◆ PROBLEM DESCRIPTION
Copy word for word the lines of the records below, beginning at the one with "NWOT- Jordan Nike" and finishing at the one with "2013 Hyundai Veloster", ends included, but none of the pictures.
*** DATA SHOWN ***
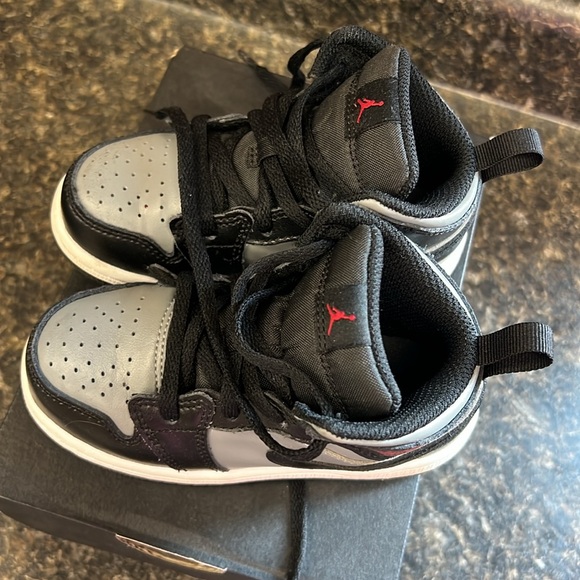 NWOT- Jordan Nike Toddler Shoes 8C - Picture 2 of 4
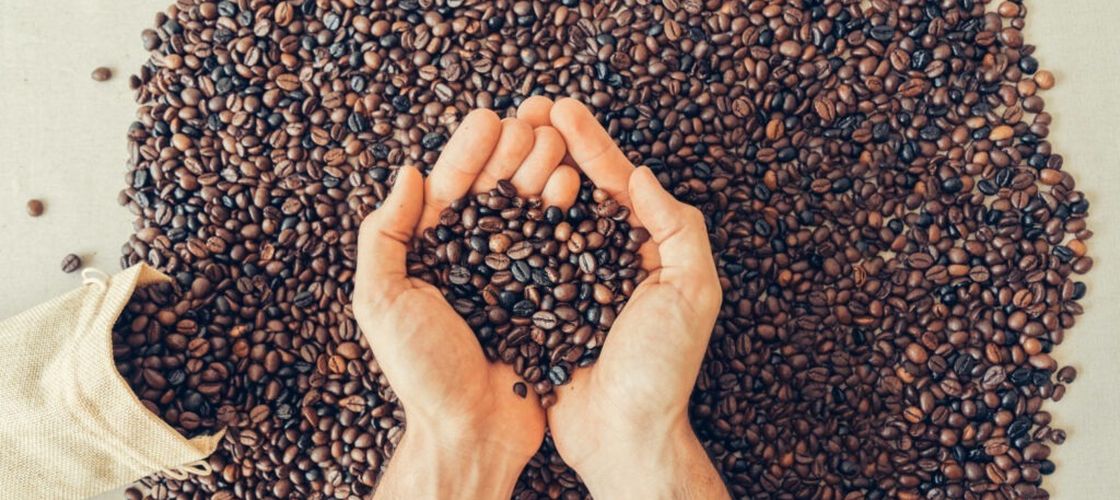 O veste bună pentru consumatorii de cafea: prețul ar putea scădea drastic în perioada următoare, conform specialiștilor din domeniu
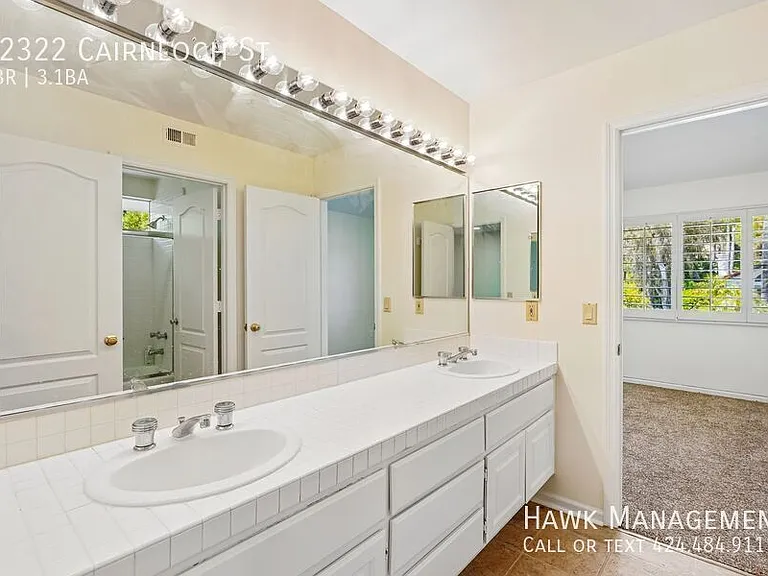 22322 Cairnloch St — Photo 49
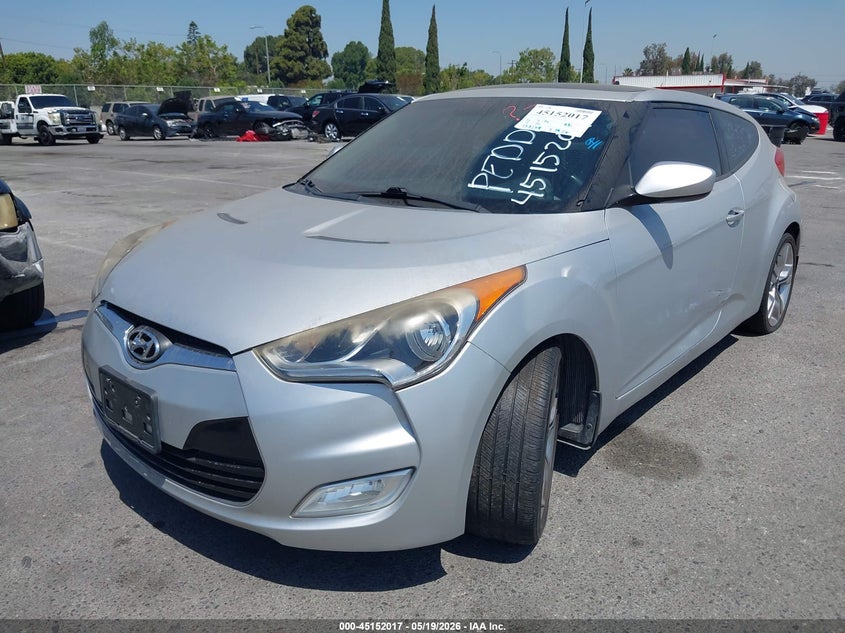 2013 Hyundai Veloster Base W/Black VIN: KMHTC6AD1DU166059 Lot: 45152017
*** End of DATA SHOWN ***
*** DATA SHOWN ***
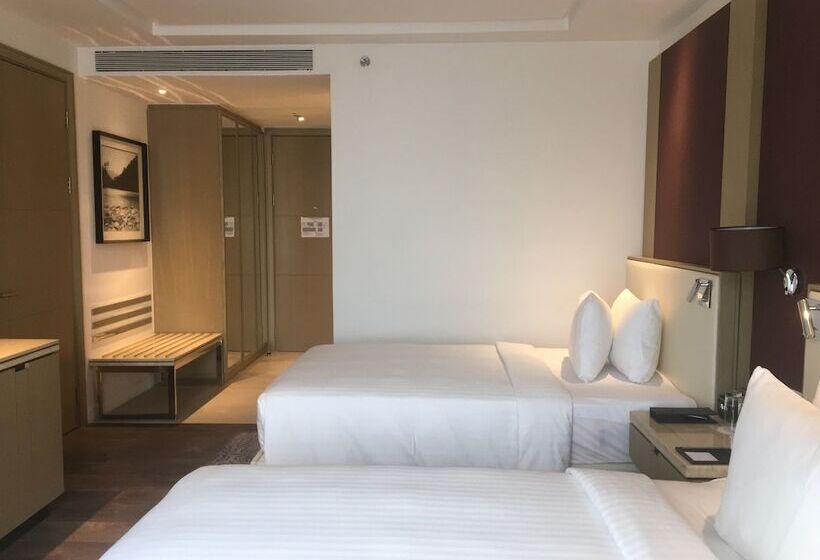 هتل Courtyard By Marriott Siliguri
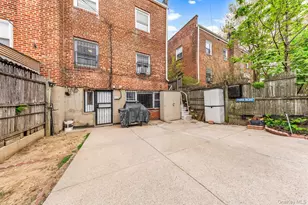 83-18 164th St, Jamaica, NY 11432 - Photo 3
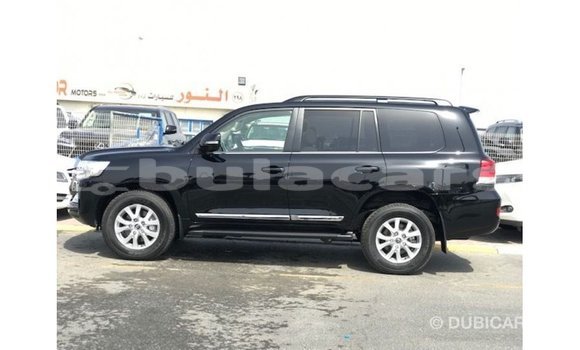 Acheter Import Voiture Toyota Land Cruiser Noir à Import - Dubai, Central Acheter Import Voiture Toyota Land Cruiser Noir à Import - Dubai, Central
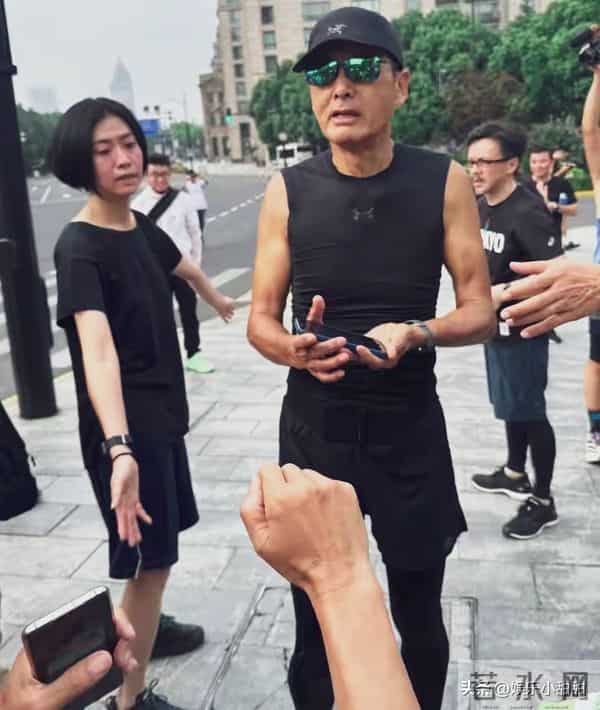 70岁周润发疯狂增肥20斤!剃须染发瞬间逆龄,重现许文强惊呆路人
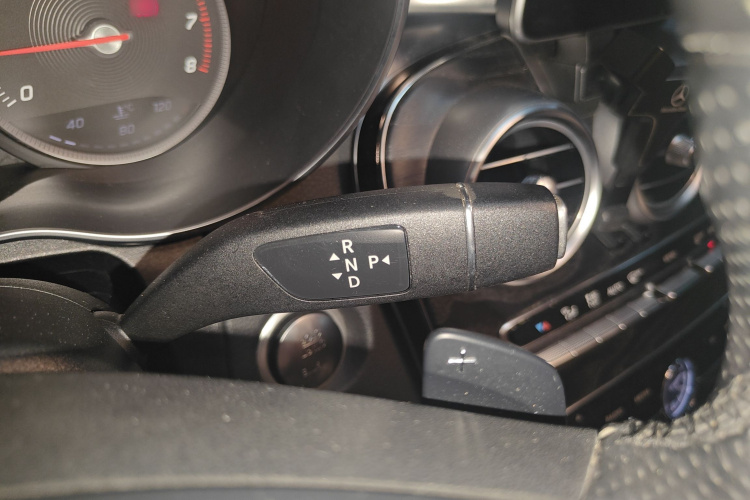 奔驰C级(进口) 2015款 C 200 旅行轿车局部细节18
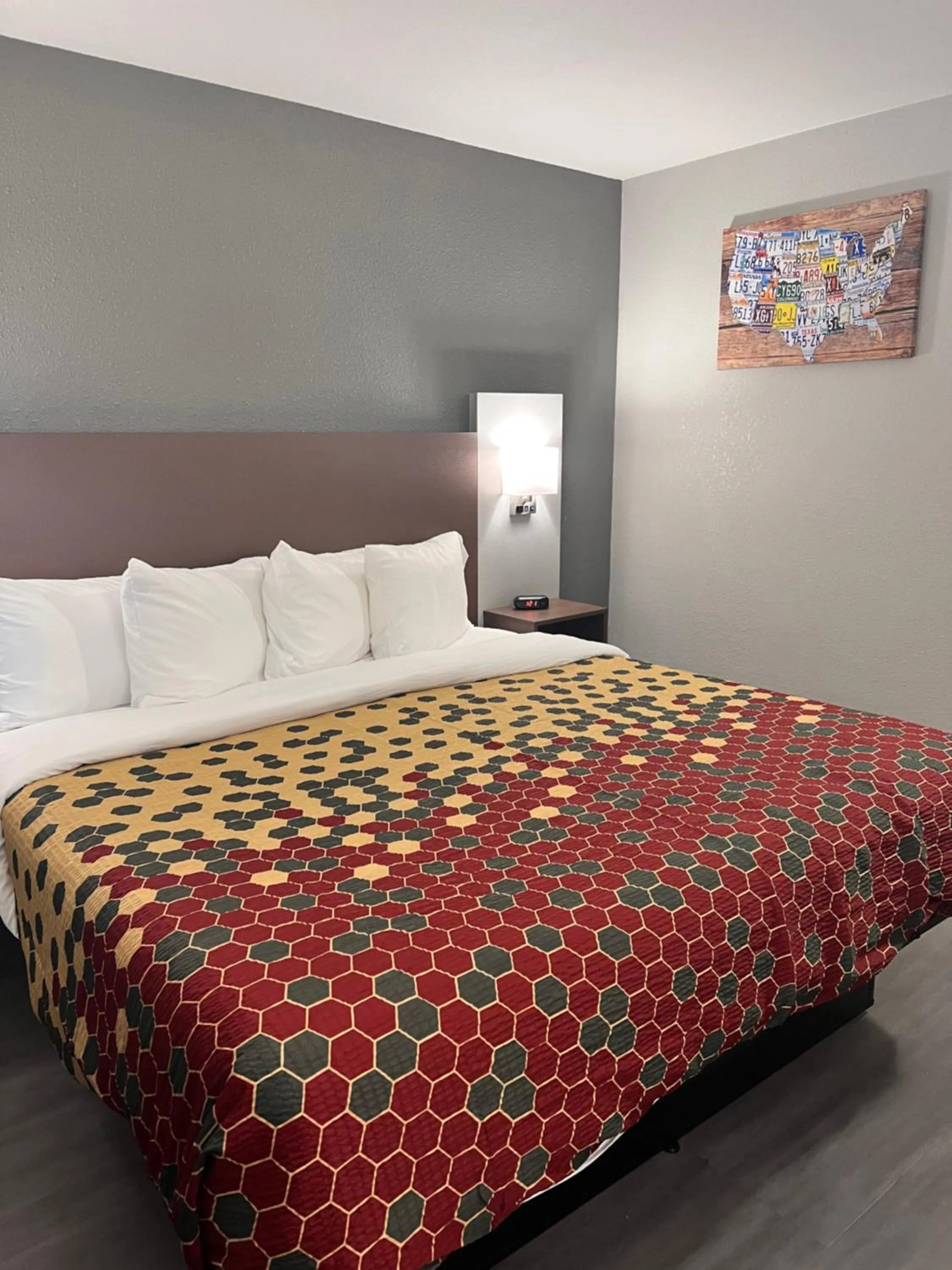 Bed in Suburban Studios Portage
*** End of DATA SHOWN ***
*** DATA SHOWN ***
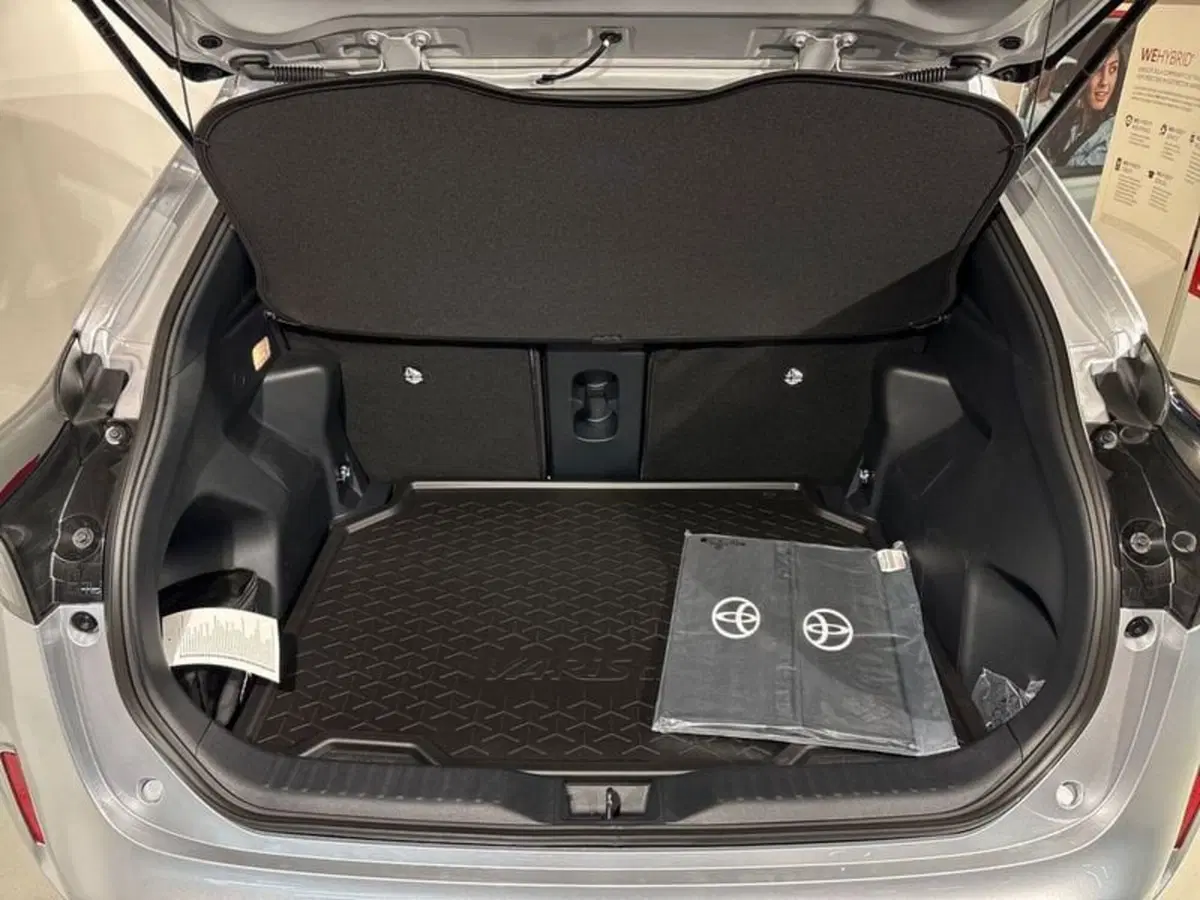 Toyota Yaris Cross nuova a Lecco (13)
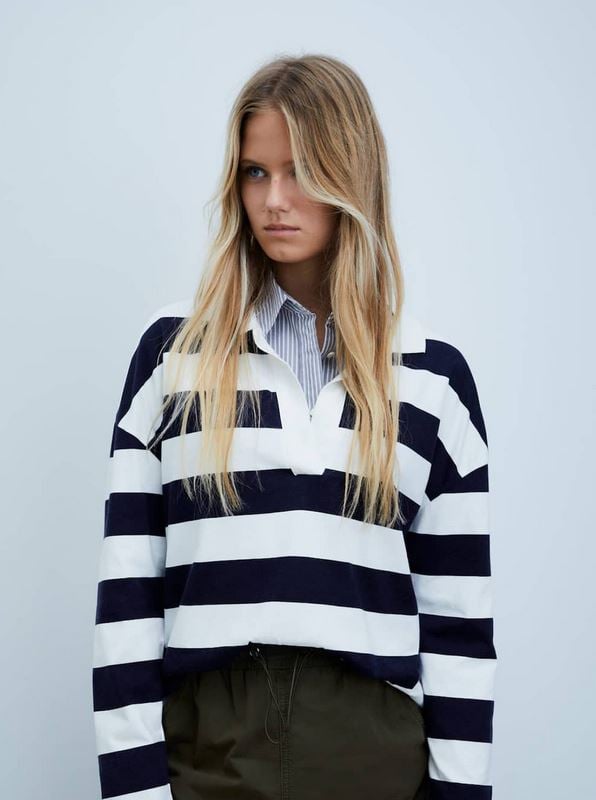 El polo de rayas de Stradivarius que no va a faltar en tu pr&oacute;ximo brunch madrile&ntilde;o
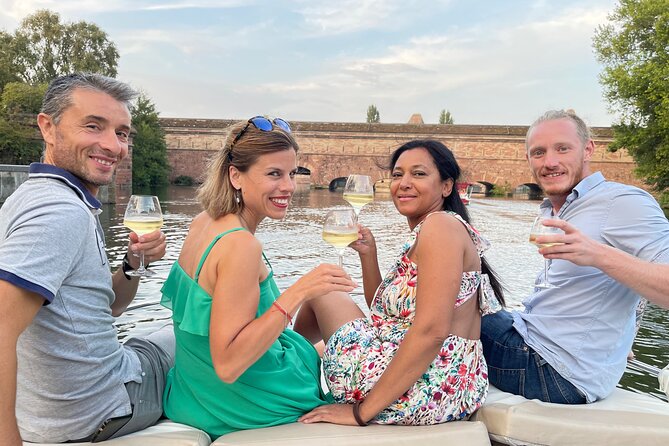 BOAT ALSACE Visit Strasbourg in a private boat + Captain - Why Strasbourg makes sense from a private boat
*** End of DATA SHOWN ***
◆ TASK SOLUTION
 NWOT- Jordan Nike Toddler Shoes 8C - Picture 2 of 4
 O veste bună pentru consumatorii de cafea: prețul ar putea scădea drastic în perioada următoare, conform specialiștilor din domeniu
 22322 Cairnloch St — Photo 49
 2013 Hyundai Veloster Base W/Black VIN: KMHTC6AD1DU166059 Lot: 45152017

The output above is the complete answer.